In realtà, l’Inps pretende di stabilire un automatismo tra la mancata compilazione del quadro RR nella dichiarazione dei redditi e l’occultamento doloso del debito contributivo, espressamente escluso invece dalla giurisprudenza dallo stesso istituto richiamata (Cass. n. 6677 del 2019; Cass. n. 7254 del 2021; Cass. 35468/2021).

Il ricorso deve pertanto essere rigettato e l’Inps deve essere condannato al pagamento delle spese del presente giudizio. Sussistono i presupposti processuali per il versamento di un importo pari a quello già dovuto a titolo di contributo unificato.

P.Q.M.

La Corte rigetta il ricorso e condanna il ricorrente al pagamento, in favore del controricorrente di Euro 1500 a titolo di compensi professionali e Euro 200 a titolo di spese, oltre al rimborso forfettario nella misura del 15% per spese generali e altri accessori di legge.
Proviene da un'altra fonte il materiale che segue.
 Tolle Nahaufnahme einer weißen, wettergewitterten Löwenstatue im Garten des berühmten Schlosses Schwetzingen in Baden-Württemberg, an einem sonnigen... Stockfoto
Ai sensi del D.Lgs. n. 115 del 2002, art. 13, comma 1 quater, dà atto della sussistenza dei presupposti processuali per il versamento, da parte del ricorrente, dell’ulteriore importo a titolo di contributo unificato pari a quello previsto per il ricorso a norma dello stesso art. 13, comma 1 bis se dovuto.

Così deciso in Roma, nell’adunanza camerale, il 11 gennaio 2022.